Only one stretch of the data should be retyped: the lines from the line containing "This overview would" through the line containing "In this video we're". Keep pictures out of it.
[MATERIAL PROVIDED]
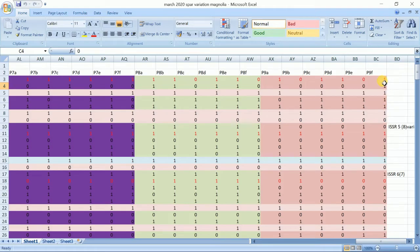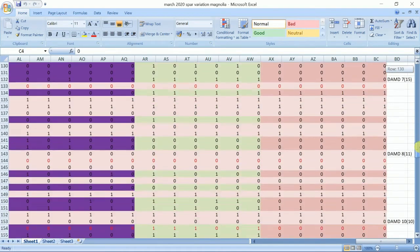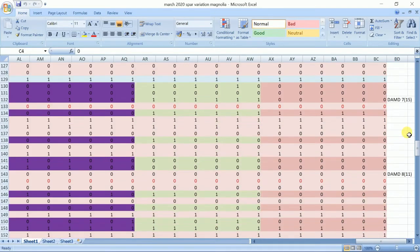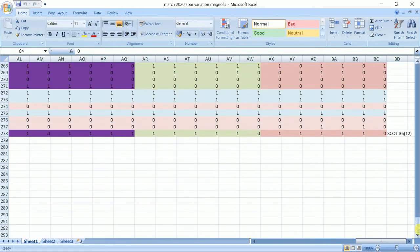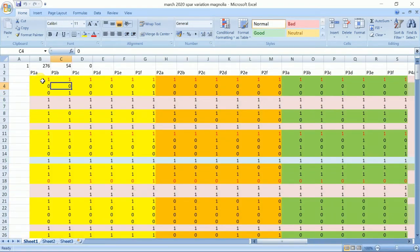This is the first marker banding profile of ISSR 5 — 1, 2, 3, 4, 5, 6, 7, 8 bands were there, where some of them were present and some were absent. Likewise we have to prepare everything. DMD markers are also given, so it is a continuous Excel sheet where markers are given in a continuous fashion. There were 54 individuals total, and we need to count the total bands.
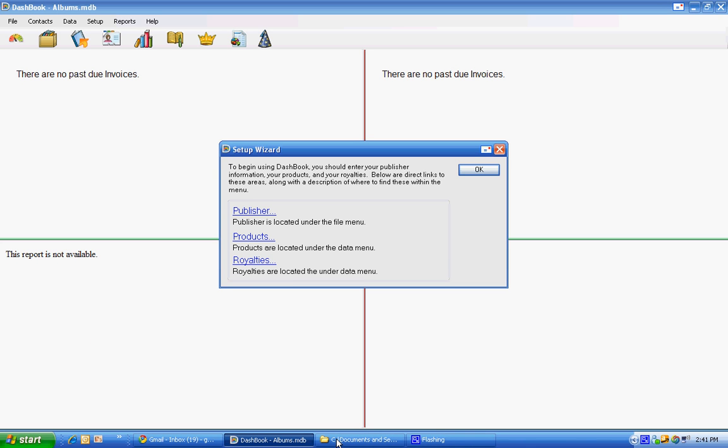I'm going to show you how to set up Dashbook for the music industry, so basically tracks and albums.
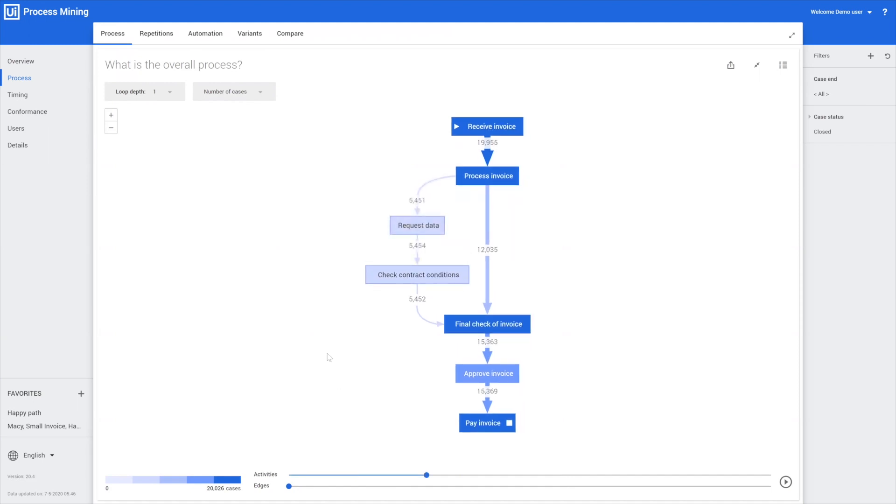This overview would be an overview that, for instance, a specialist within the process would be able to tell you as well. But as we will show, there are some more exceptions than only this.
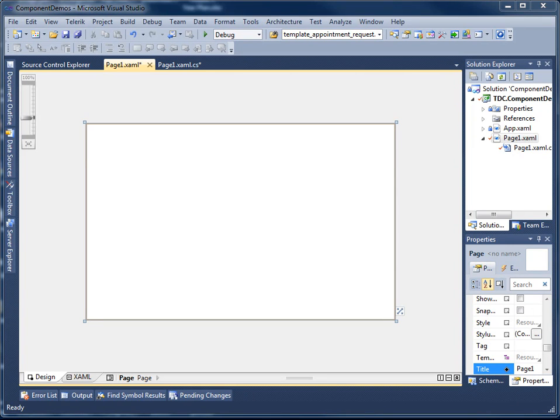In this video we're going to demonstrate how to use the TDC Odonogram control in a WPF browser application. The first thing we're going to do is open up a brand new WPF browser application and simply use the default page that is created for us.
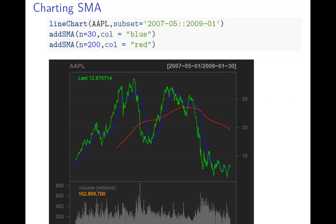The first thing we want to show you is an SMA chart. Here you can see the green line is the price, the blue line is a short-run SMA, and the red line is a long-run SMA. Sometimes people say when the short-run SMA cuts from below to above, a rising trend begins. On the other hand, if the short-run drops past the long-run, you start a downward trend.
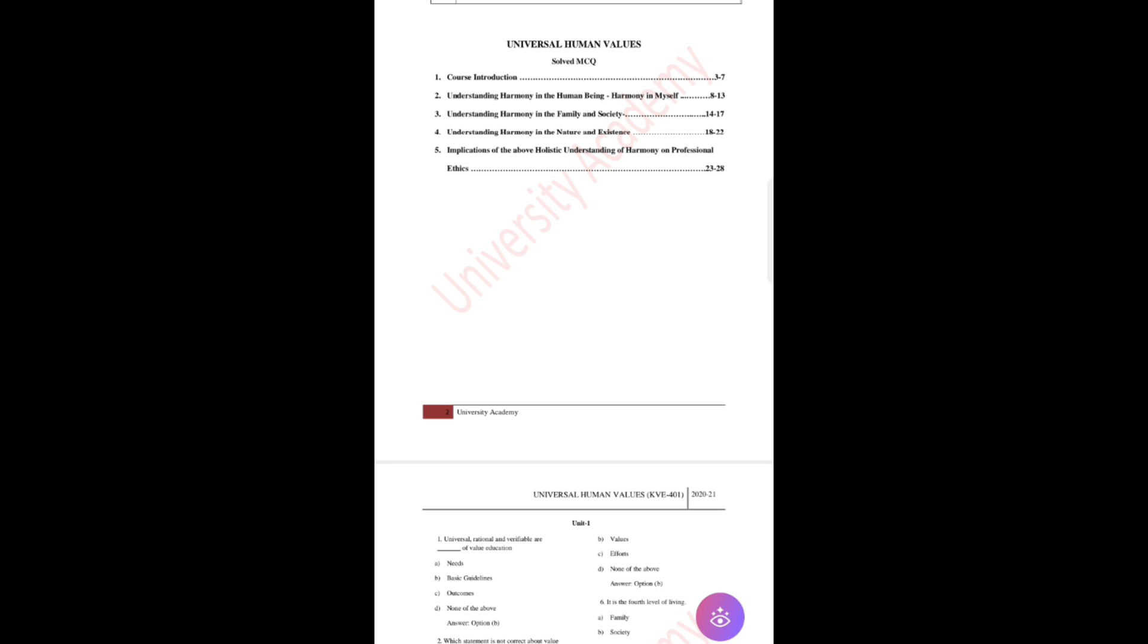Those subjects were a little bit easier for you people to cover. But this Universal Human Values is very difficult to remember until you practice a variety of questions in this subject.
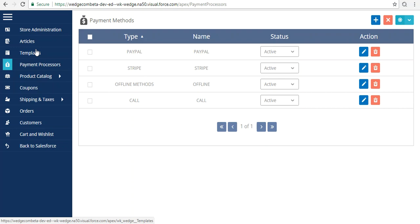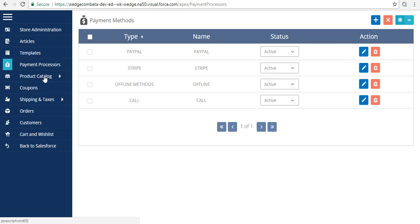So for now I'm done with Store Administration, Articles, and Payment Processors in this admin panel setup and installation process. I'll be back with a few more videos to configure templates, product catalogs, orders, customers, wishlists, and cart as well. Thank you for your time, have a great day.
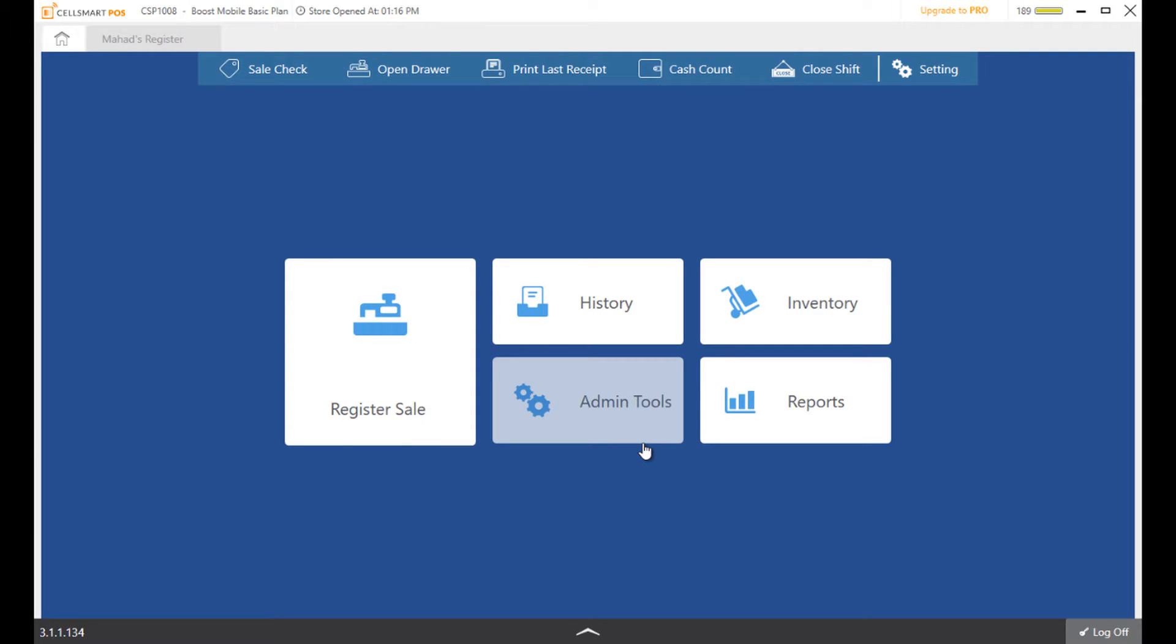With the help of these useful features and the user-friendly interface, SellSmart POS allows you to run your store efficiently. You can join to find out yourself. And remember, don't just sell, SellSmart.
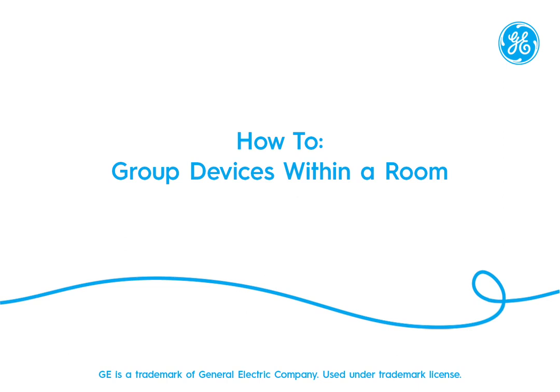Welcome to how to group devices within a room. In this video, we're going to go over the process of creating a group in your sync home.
[/MATERIAL PROVIDED]
__WRITTEN RESPONSE__
This overview would be an overview that, for instance, a specialist within the process would be able to tell you as well. But as we will show, there are some more exceptions than only this.
In this video we're going to demonstrate how to use the TDC Odonogram control in a WPF browser application. The first thing we're going to do is open up a brand new WPF browser application and simply use the default page that is created for us.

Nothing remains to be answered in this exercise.